Let us now get to the crux of many problems we face in managing complex systems, and I would argue safeguarding the future of our world and species – time. Sorry if that all sounds very dramatic, but I firmly believe that at the heart of the major problems facing humankind is our ability to conceive and perceive time (in passing) and project forward (time-travel mentally) but to fall short in fully experiencing such projections or past recollections at the same cognitive level and emotional intensity we do the present. We stole fire from the gods, but we have yet to wield it in a less destructive and far more conservation way. We need fire to shine a light into the dark tunnel in either direction of the arrow of time. Still, we have yet to fully appreciate and accept that any (in)sight we are offered in doing so is only a scanty shimmer of what lies ahead or behind us. We are always situated in the present, and the context of the past and consequences of the future are invariably experienced diluted and distilled. We have yet to be able to step in the same river twice. We can look forward and backward, but it is never truly experienced in the same way the present is. Our current observability tools have yet to address this omission in the mind’s cognitive development and evolution. There can be no time travel without memory.
The graphic above is not necessarily a timeline of progression as observability initially started with the in-the-moment experience with direct human-to-machine communication of performance-related data when both human operator and machine were spatially collocated. That said, there was a trend that moved from the past to the present with the introduction of near real-time telemetry data collection over yesteryear logging technology. Today even near-real-time is insufficient, with organizations moving from reactive to proactive in demanding predictive capabilities. Observability deals in the past; it measures, captures, records, and collects some executed activity or generated event representing an operation or outcome. When humans consider the past, they are not thinking about metrics or logs; instead, they recall (decaying) memories of experiences. When a human operator does recall watching a metric dashboard, they do not remember the data points but instead the experience of observing. An operator might be able to recall one or two facts about the data, but this will be wrapped in the context of the episodic memory. A machine is entirely different; the past is never reconstructed in the same manner as the original execution, and the historical data does not decay naturally though it can be purged and the precision diminished over time. Instead, there is a log file or other historical store containing callouts, signposts, metrics, or messages that allude to what has happened. An operator must make sense of the past from a list of strings.

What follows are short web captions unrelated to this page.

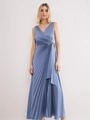 Elegant grey-blue sleeveless long dress featuring deep V-neck and pleated waist details - S / Sky Blue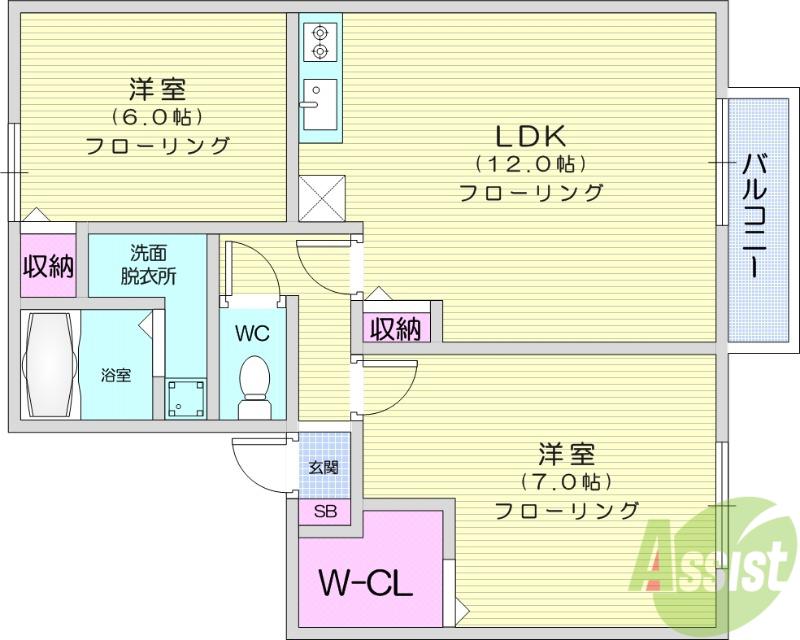 ベルデS(2LDK/1階)の間取り写真
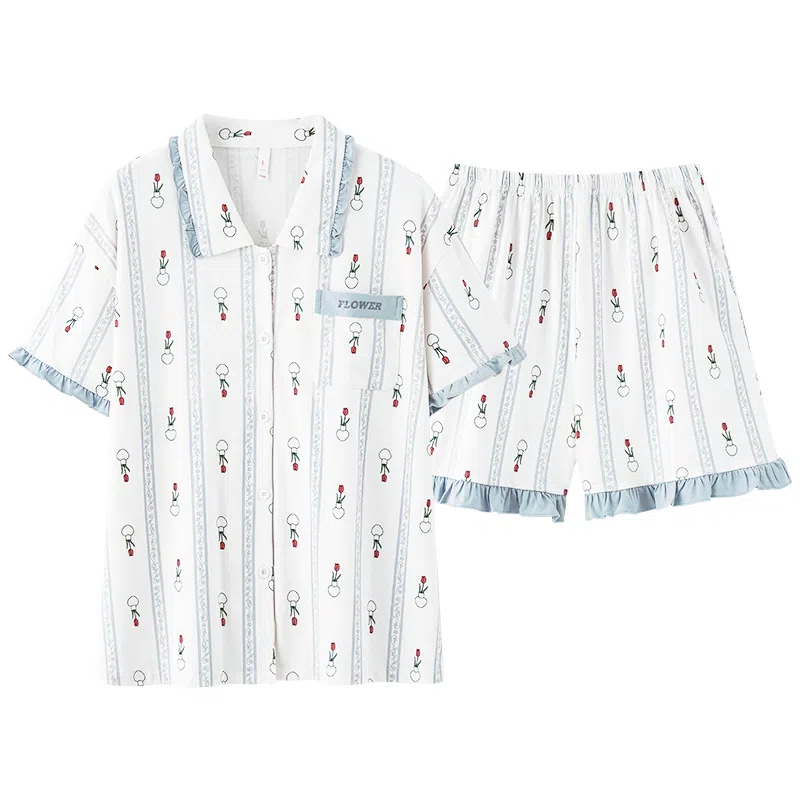 夏芬妍 柔软舒适透气亲肤条纹郁金香翻领家居服休闲凉感短袖时尚可外穿睡衣套装 女款 蓝色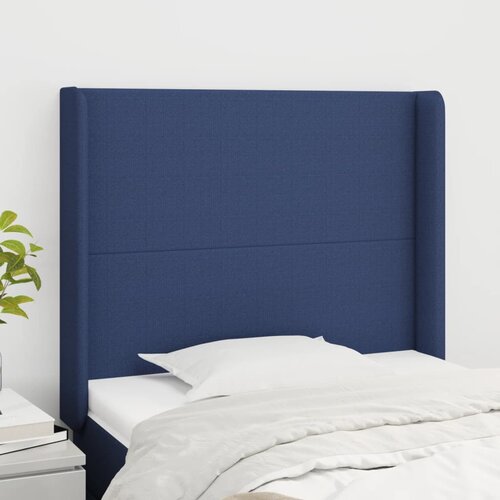 vidaXL Vzglavje z ušesi modro 93x16x118/128 cm blago Cene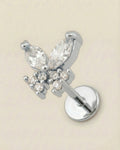 Gümüş renkli 316L cerrahi çelik markiz kanatlı kelebek formlu flatback piercing.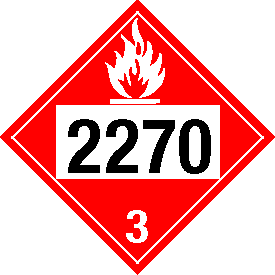 Vinyl 2270 Flammable Class 3 Placard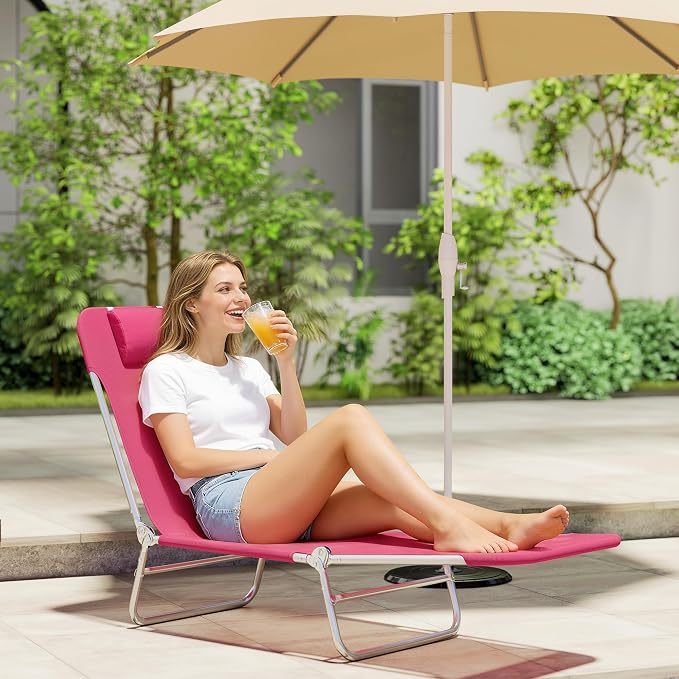 Outsunny Folding Chaise Lounge Chair, Pool Sun Tanning Chair, Outdoor Lounge - Image 8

A challenge here is when there are multiple separate historical data sources. So, at the beginning of the evolution of monitoring and observability, much of the engineering effort was on fusing data, resulting in the marketing-generated requirement of a “single pane”. Unfortunately, fusion was simplistic and superficial; there was hardly any semantic level integration. Instead, the much-hyped data fusion capabilities manifested merely as the juxtapositioning of data tiles laid out in a dashboard devoid of a situation representation.
Dealing with time becomes a far more complex matter when shifting from the past to the present. Again, there is never really a present when it comes to observability. The movement into the present is achieved by reducing the interval between recording observation and rendering such in some form of visual communication to an operator. Once observability moved into the near-real-time space of the present, the visualizations and underlying models changed. Instead of the listing of logs or charting of metric samples, observability tooling concentrated more on depicting structures of networks of nodes and services along with up-to-minute health indicators. But as engineering teams competed further to reduce the time lag from minutes to seconds and below, other problems started to surface, particularly the difference in speeds between pulled and pushed data collection. Nowadays, modern observability pipelines are entirely pushed-based, which is also necessary when dealing with cloud computing dynamics and elasticity.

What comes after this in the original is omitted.